Human mind loves to classify and categorise whatever things, features, events, happenings or phenomena it comes across, whether natural or manmade. In the case of countries, the time-honoured method was, and still is, to view them as belonging to specified geographical or climatic regions.
At the end of the Second World War, the UN and the Bretton Woods duo — the World Bank and the IMF — came into existence as forums for dealing with problems, issues and concerns of members from diverse political backgrounds and at different stages of economic development. It was clear that there could not be one omnibus plan of action covering all of them, since the priorities and requirements were not the same for all the members. Hence, multilateral organisations began differentiating between them to tailor their approach to the distinctive characteristics of particular countries or groups of countries.

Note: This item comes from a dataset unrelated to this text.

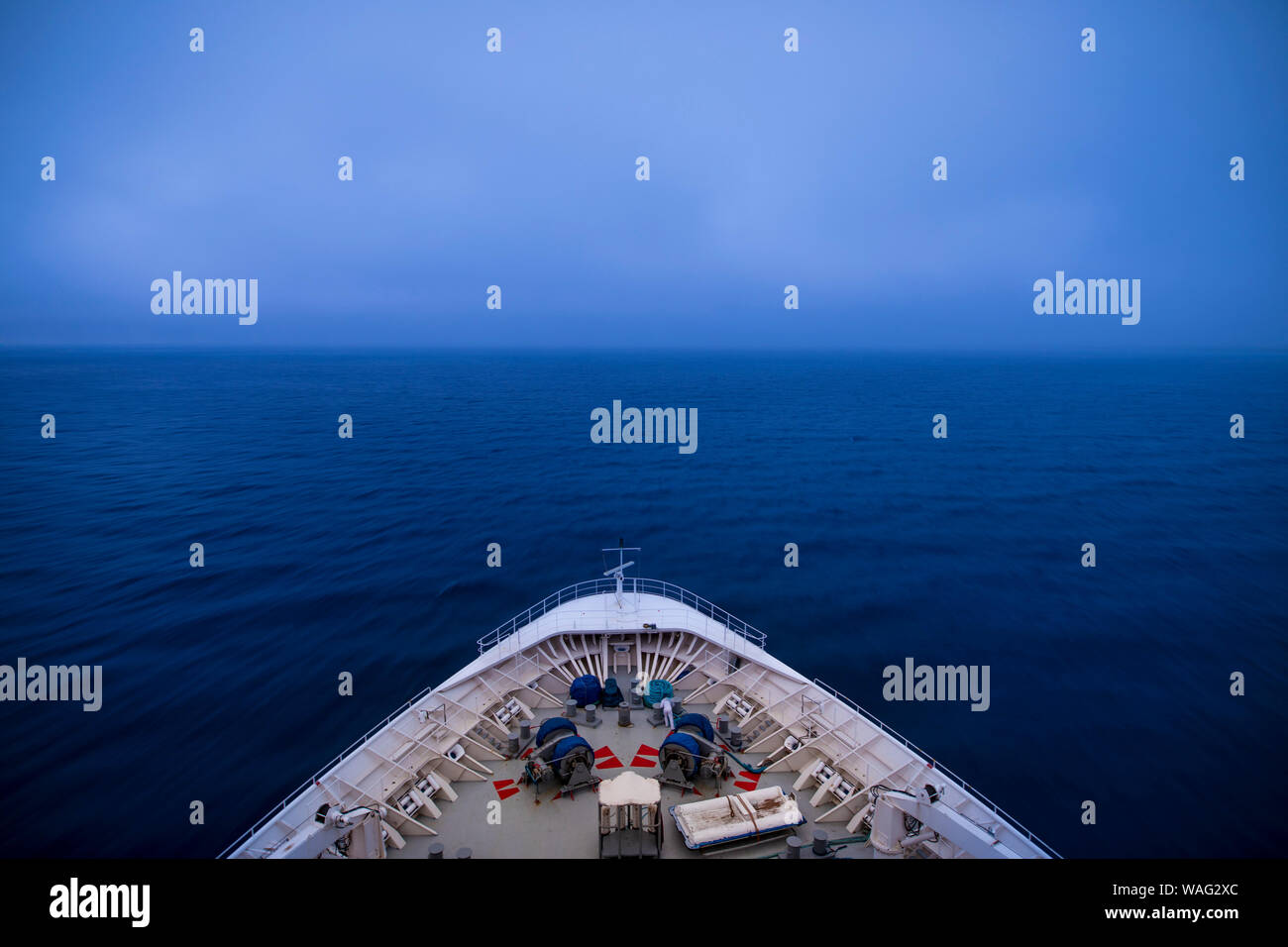 Vista dal ponte di una nave in viaggio attraverso la nebbia, una lunga esposizione con motion blur sulle onde. Foto Stock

In those far-off days, when there was no squeamishness on the part of Westerners to call a spade a spade, countries were simply labelled as ‘advanced' and ‘backward' or ‘rich' and ‘poor'. As time went on, the mode and description became more sophisticated with euphemisms taking over so as not to hurt the susceptibilities of nations.
Ranking of nations
The evolution of these alarums and excursions to make every one feel comfortable is in itself a fascinating case-study. For instance, the stark original division of ‘rich' and ‘poor' went through successive incarnations progressively taking out any sting of aspersion, condescension or patronisation. First, ‘poor' became ‘low-income' and ‘rich' became ‘high-income'; next came ‘developed and undeveloped', but when this was found to be harsh, the latter term was changed first to ‘under-developed' and then to ‘developing'. Somewhere along the way, the coinage ‘least developed' also was smuggled into the vocabulary.

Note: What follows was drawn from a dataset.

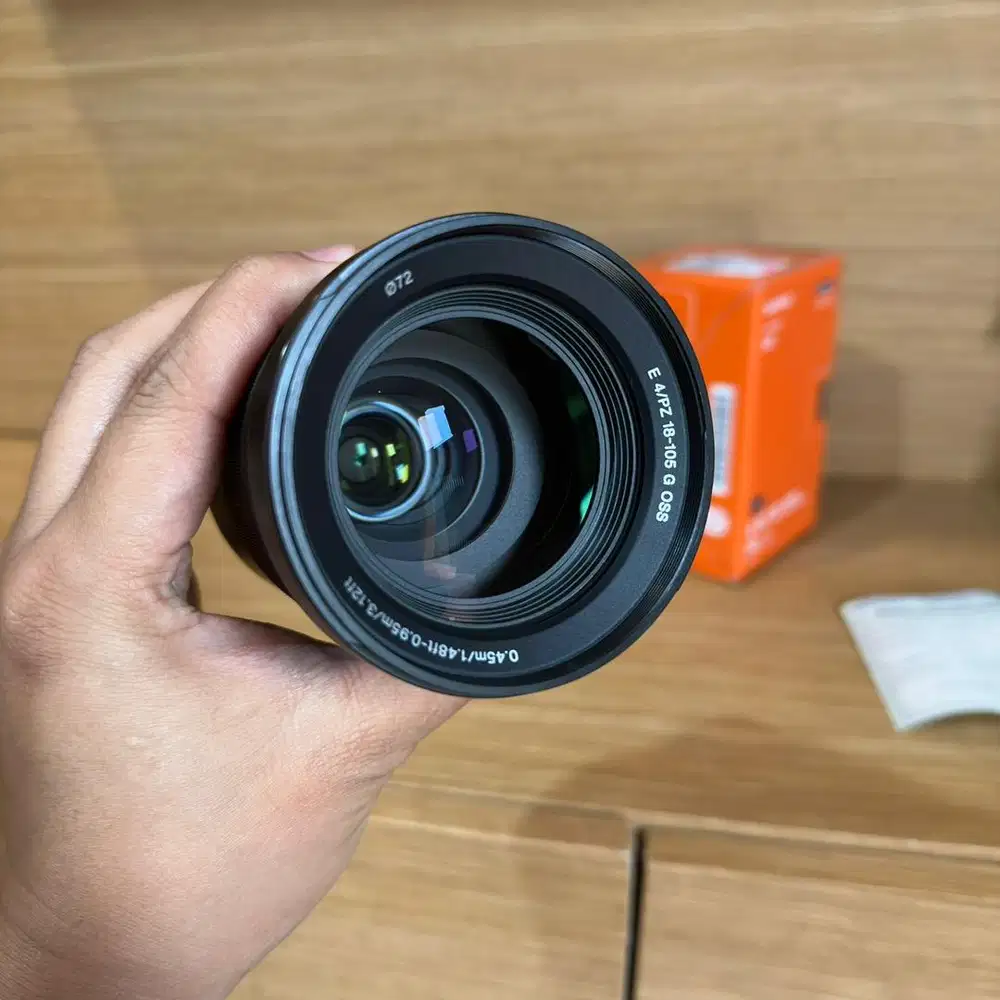 Lensa SONY E PZ 18-105mm f/4 G OSS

Soon, classification based on stages of development gave way to one of ranking of nations into First, Second and Third Worlds. This was because, as a recent paper ‘Classifications of Countries Based on Their Level of Development: How it is Done and How it Could be Done' published under the aegis of the IMF rightly points out, “An explicit system that categorises countries based on their development level must build on a clearly articulated view of what constitutes development…there is no criterion (either grounded in theory or based on an objective benchmark) that is generally accepted… Where exactly to draw the line between developing and developed countries is not obvious.”
At this stage, the UNDP hit upon an another tack. The IMF paper draws attention to how it has sought to distinguish between economic and human development, and establish a pecking order among countries based on the Human Development Index (HDI) which is supposed to be at the very core of the factors governing the inherent potential and growth prospects of any given country. Basically, it is made up of three indices measuring countries' achievements in longevity, education, and income.
In its Human Development Report of 2010, the income measure used in the HDI is Gross National Income per capita with local currency estimates converted into equivalent US dollars using purchasing power parity, while longevity is measured by life expectancy at birth and education by combining measures of actual and expected years of schooling.
In any case, when Indira Gandhi, in her address to one of the UN Conferences, took strong exception to the self-glorification implied in certain countries calling themselves First and to the denigration of some others as Second and Third, out the window it went and was replaced by the ingenious depiction of countries as belonging to either North or South.
For some time past, the nomenclature ‘industrialised' and ‘industrialising', and even ‘emerging economies', is being tried out. Whatever it is, the sixty-year long struggle with the semantics of a sanitised system of classification of countries cannot be said to have come to an end yet.